== Problem requirements ==
Lines from the line with "Wisząca szafka łazienkowa" to the line with "Brown Boston Terrier" in the entries below, and only those, must be output exactly, with both ends included.

Supplied material: Begin

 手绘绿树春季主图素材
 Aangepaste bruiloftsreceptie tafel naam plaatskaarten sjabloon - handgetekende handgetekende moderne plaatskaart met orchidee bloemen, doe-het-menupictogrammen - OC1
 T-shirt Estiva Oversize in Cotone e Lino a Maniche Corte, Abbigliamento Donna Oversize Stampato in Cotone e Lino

Supplied material: End
Supplied material: Begin

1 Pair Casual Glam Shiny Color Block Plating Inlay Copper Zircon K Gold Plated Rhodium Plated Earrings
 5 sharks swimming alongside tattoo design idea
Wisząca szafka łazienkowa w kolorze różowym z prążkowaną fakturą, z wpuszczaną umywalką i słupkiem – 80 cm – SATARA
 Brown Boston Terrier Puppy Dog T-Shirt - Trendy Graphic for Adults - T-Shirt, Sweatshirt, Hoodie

Supplied material: End
Supplied material: Begin

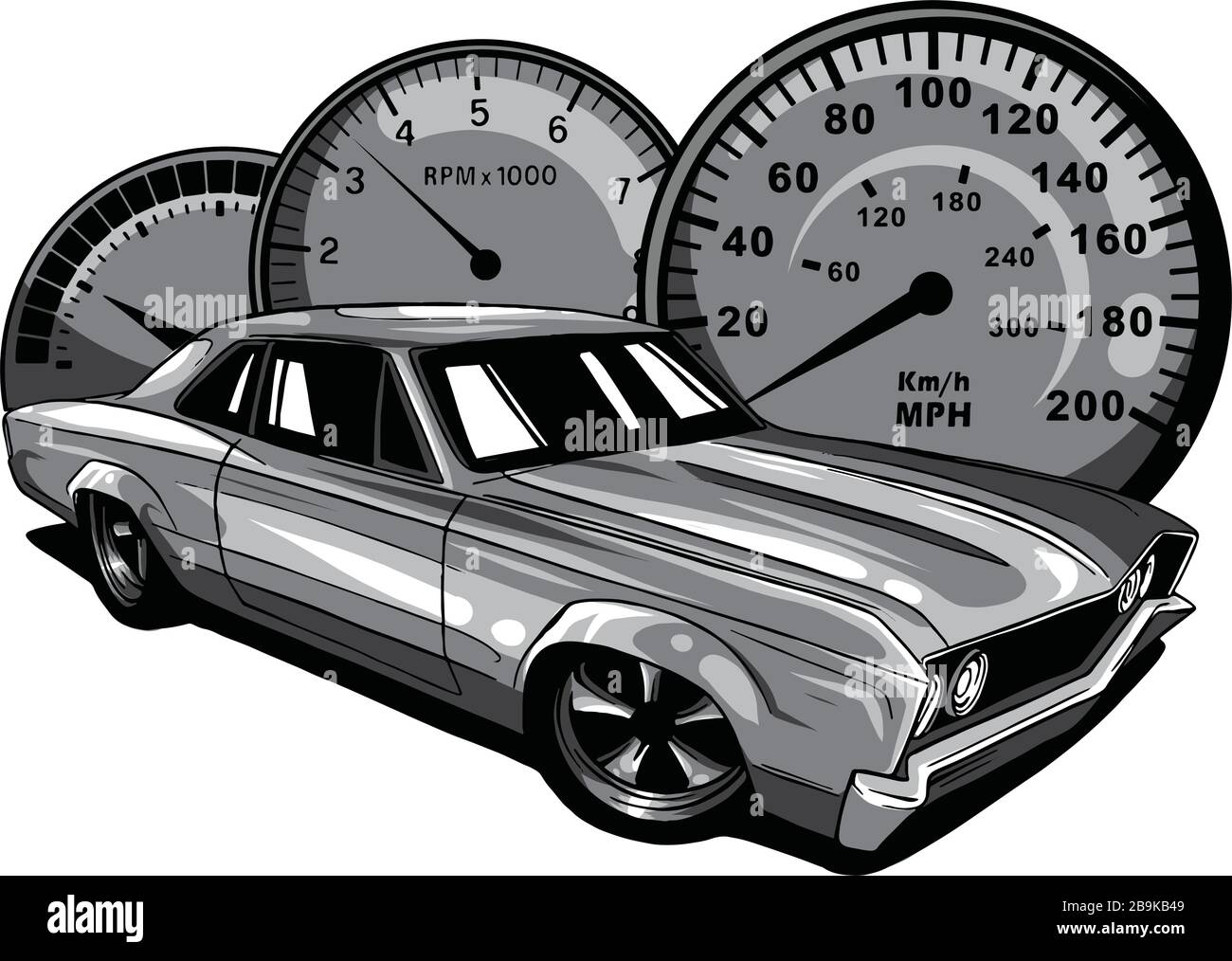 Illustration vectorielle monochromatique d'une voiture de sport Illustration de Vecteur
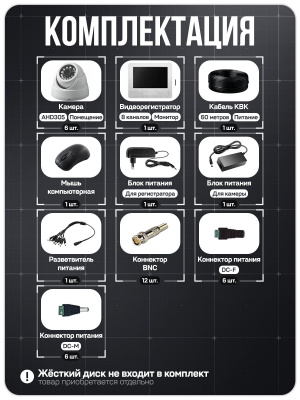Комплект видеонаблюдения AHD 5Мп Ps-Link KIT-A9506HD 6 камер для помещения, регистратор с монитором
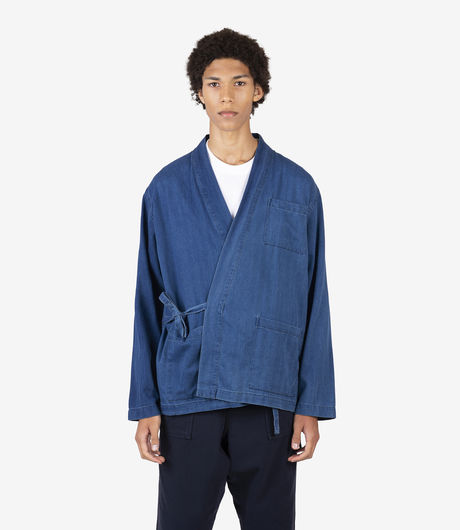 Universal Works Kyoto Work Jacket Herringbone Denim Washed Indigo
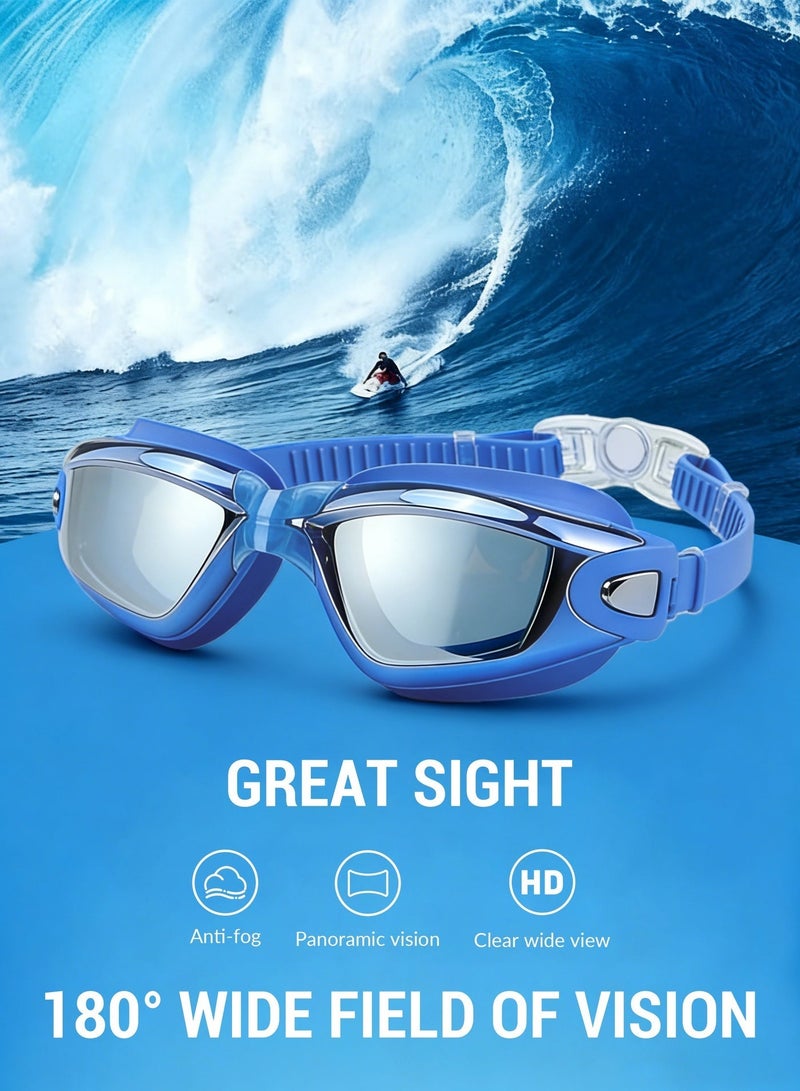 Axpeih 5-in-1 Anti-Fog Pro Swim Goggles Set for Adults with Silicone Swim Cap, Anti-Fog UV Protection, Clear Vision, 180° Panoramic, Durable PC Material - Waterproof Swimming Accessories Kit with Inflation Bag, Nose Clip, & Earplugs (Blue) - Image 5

Supplied material: End

== Output for this exercise ==
Wisząca szafka łazienkowa w kolorze różowym z prążkowaną fakturą, z wpuszczaną umywalką i słupkiem – 80 cm – SATARA
 Brown Boston Terrier Puppy Dog T-Shirt - Trendy Graphic for Adults - T-Shirt, Sweatshirt, Hoodie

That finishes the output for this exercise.